As if anybody could, I pointed out to him, to no avail.
He is unfailingly courteous; she is unremittingly silent.
Most of what I think I know—and have written—about Bob
Wing's codefendant has come to me secondhand, or from the courtroom. Ask me what other people say about her and I can fill you in. Ask me about her credit rating, her history of real estate transactions, her arrest record (nothing before this), even her genealogy, and I'm a veritable databank. I've even had E-mail conversations with her ex-husband on his sailboat in the South Pacific. He seems a nice guy, loyally, even indignantly, supportive of her, and you'd think it spoke well of a woman when her ex-husband had nothing but nice things to say about her, wouldn't you?
All of that is in the book, but it's camouflage for my dirty little secret, which is that I don't really know the woman at all. I've never run into this problem before; eventually everybody talks to me. Oh, I've known murderers who were gun-shy, so to speak, but I can almost always count on their egos to pull their trigger eventually, although what comes shooting out may not be anything you'd want to know. And some survivors—or surviving victims—find it difficult to let it all out, for a while. But most people want—need—to talk to somebody. I'm accustomed to being that person. But not this time, not with this woman.
Her codefendant, Bob Wing, has talked to me several times. But I know
her
voice only from hearing it in court, recognize her face only from there, too, and from photos her mother showed me. I know her personality not at all, really, because the reports vary so dramatically depending upon who is explaining her to me, her friends or foes.
Saint or sinner—
That's all I've ever heard about her. I've relied far too much on other people's opinions of her. It makes me feel uneasily like an historian, because when it comes to Artie McGregor I have relied entirely on secondary sources for my information.

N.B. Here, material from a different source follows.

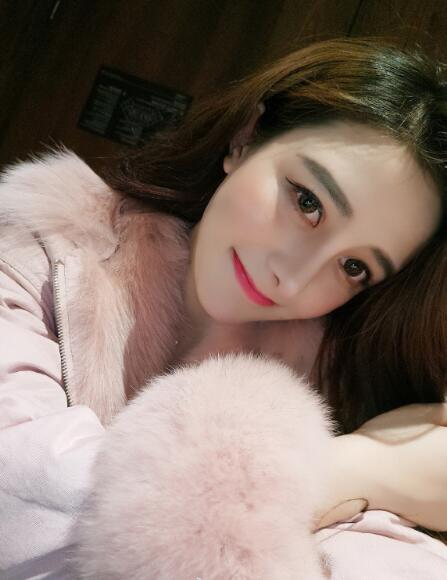 粉色大衣美女大红唇卖萌自拍照 2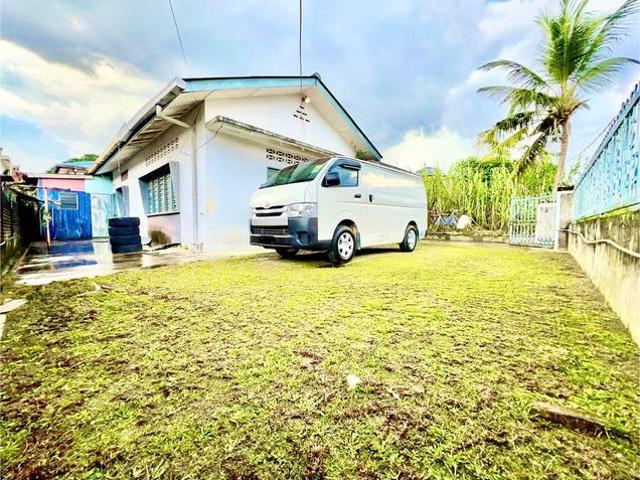TERMURAHFULL LOAN Banglo Seri Kembangan 1 Storey House 3500SQT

Would secondhand reports give an accurate picture of me, or of anyone? Personally, I don't think so. I need to see faces, body language, responses; I want to hear tones of voice and the exact words that people use.
But now maybe I have some bait to lure her.
I use my car phone to try her number one more time, and get their message machine. Of course. “Mrs. McGregor, this is Marie Lightfoot,” I tell the machine. In a carefully neutral tone, I continue: “I have a canvas boat bag that belongs to you. This afternoon, I'm going to take it back where it was found, snap some pictures of it for my book, and then I'm going to leave it there. Nobody else has any use for it. So if you want it back, that's where it will be.”
There. Now let
her
wonder about
me,
for a change.
I pull into a “visitor” parking space at the rear of the Bahia Beach Police Department. As I walk up to the metal detector at the back door, I am still thinking about the mysterious, elusive Artemis McGregor. Surely it was for women like her that the phrase “appearances can be deceiving” was coined.
“Is this the missing wedding ring?” I ask Carl Chamblin. “Does this match the engagement ring that you guys found at the scene?”
We're in the Homicide Investigative Division of the Bahia Beach Police Headquarters on Twenty-Third; I'm at the side of his desk, in a chair so uncomfortable that I would confess to a crime just to get out of it; Carl's leaning back precariously in his own black plastic chair that looks two sizes too small for him. Under the glass top of his desk there are photographs of his family: himself, his wife, two daughters, sons-in-law, four grandchildren, all of them smiling.
They
appear to love him, regardless of what I or my readers may think of him.